Because XML is still new, and the software which hides the internal rules and naming is still being written. All text-handling systems use rules of one kind or another, from the simplest of editors to the biggest DTP packages, and many of them let you define your own rules for different classes (types) of documents, and give names to them so you can refer to them — just like XML.
Why doesn’t it look like [my wordprocessor]?
Browsers don’t have the same features or set of capabilities as your wordprocessor. Wordprocessors are still mostly aimed at creating documents for printing. Creating information for online use is a different animal: the medium is different and it means using different tools.
Why can’t any of my readers see the fonts I put in?
Same reason as they can’t use the paper you’re writing on: they’re not included in your file so they’re not sent to the reader. Most modern computers come with Times and Helvetica (Arial), but for anything else you’d have to send them a copy of the font. That would probably be illegal, as fonts are a commodity, and copyrighted in most countries: you have to buy them (or download them in the case of free ones), and everyone has their own personal selection. PDF (Acrobat) and PostScript let you send fonts, but they’re not heavily used in the Web because the file size is often very large, making downloads slow.
What’s a stylesheet?
A list of typographic styles used for a particular class of document. It specifies things like ‘Section headings: italic font, ½ high, centered,’using a special language purposely desgned for it. Stylesheets let you change styles more easily — you only need to change the definition once, rather than change every section heading in your document one by one.
How do I convert it to [some other format]?
Many wordprocessors can import a variety of formats: try this way first and then pick ‘Save As. . .’ For better control, use one of the many conversion packages on the market. But remember if you haven’t put the necessary information into your document to let it be converted successfully, you probably won’t get what you’re expecting out of it: computers are not good at guessing your intentions.
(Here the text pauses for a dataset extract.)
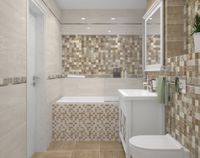 Напольная плитка Laparet Kiparis Aspen Бежевый арт-16-01-11-459 — фото 3, Напольная плитка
This inquiry has resulted in a lot of rather disappointed people wandering around the Internet wanting to know ‘where XML is.’ In particular, some articles and comments have given the impression that XML is complete, ready to run, and is something you can download from your favorite server and install right away.

How it was

Those with long memories will recall exactly the same thing happening to HTML: imaginatively inaccurate articles about using pointy brackets. In many cases, the authors then hadn’t even known a specification existed, let alone actually read it.
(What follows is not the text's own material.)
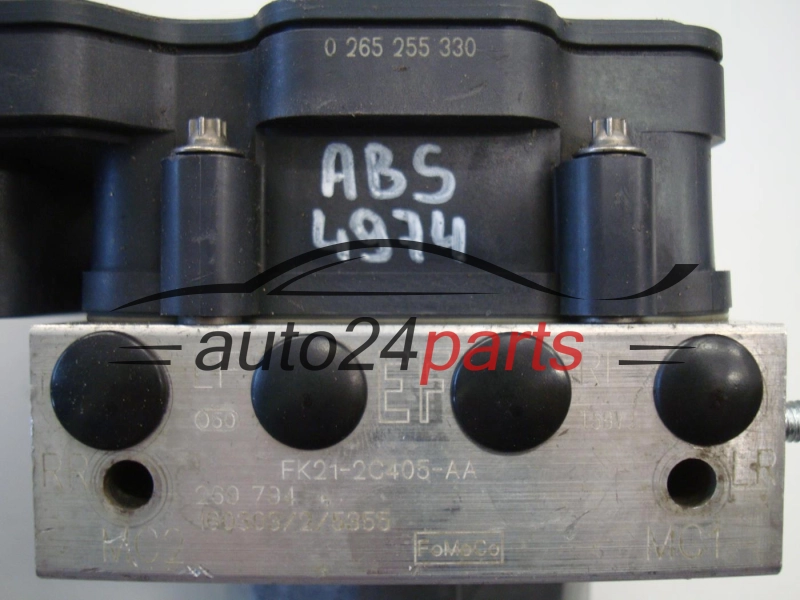 ABS POMPA I STEROWNIK FORD TRANSIT FK21-2C405-AA, FK212C405AA, 0265956396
The poor business user went off to implement pages armed with very partial information, and was puzzled when it didn’t work right. Browsers, anxious to make it look right even if it wasn’t, felt compelled to support every conceivable missing bracket or quote, and to implement more and more features regardless of whether or not pages using them actually contained any information.

This worked for a few years, but most users are much better informed now, and can see that real business information on the Web means much more than some smart logos and a snappy Javanese menu.

There’s a risk that those who fund a company’s internal efforts in new Web developments are going to pull the plug unless they can ‘see it’ fairly soon. The situation hasn’t been helped by the publication of some other articles which have been more misleading than helpful. This is unfortunate to the extent that less cautious users and developers may get the entirely wrong idea about XML (see ‘How it was’).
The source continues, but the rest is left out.